Puisqu’on en parle encore des années après, on peut dire que c’est un inspecteur qui a marqué son territoire. Mais il n’est pas parti en odeur de sainteté, non, il laissa plutôt une odeur de pourriture, ce qui permet de dire que, sur un territoire donné, l’homme est sans doute le seul animal capable d’excréments psychologiques.
Je le disais pervers. En tous les cas, il terrorisait les candidats. Mais sa méchanceté était organisée pour mieux faire accepter que ses insanités passent pour des pointes d’humour. Ainsi, avait-il souvent des remarques pédagogiques un peu étranges à l’égard des candidates. Des allusions sexuelles empreintes de bonté, quand les candidates étaient belles, puisqu’elles ne visaient selon lui qu’à aider la pauvre candidate à se détendre, à ne pas être stressée et surtout à mieux conduire pour mériter son permis.

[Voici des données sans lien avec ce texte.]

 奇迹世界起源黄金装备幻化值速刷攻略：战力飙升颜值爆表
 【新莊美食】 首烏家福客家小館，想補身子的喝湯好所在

Si l’accompagnant du candidat – le moniteur – n’était pas suffisamment compétent pour apprécier son jeu, la colère le submergeait parfois et, de plus, les candidates n’étaient pas toujours jolies. « Madame, vous feriez mieux d’ouvrir vos cuisses ailleurs que sur une moto ! » a-t-il ainsi dit un jour en examen moto à ma candidate dont la morphologie un peu rondelette handicapait un peu en la matière. Il est vrai que tout le monde sait qu’il faut faire corps avec la moto et bien serrer le réservoir avec les genoux !
Comment est perçu cet inspecteur par ses pairs ? On parle du « corps » des inspecteurs. Ce corps se veut pur par opposition aux auto-écoles salies par leur pratique commerciale. Il n’est donc pas possible dans ce corps d’envisager qu’un élément soit totalement impur puisqu’il est du service public et, surtout, il n’est pas moniteur auto-école. On parlait d’excrément tout à l’heure : c’est quelque chose que, par sa nature même, la pureté exclut.
Mais la mauvaise odeur se fait parfois insistante, y compris auprès de ceux qui se pincent le nez. Quand il s’agit du comportement odieux d’un collègue, les interpellations finissent par obliger les pairs à prendre position. Ceux qui la prennent ont une réponse toute trouvée et, semble-t-il, universelle. C’est donc sans surprise que j’entends mon interlocuteur me faire cette remarque : « certes il était un peu spécial mais attention, hein, techniquement, il était bon ! ».
La vieille recette des pervers qui veulent durer est donc un équilibre entre emmerder le peuple, d’un côté, et être techniquement irréprochables de l’autre. C’est sans doute valable dans tous les métiers, syndicats et partis politiques, c’est en cela que c’est universel.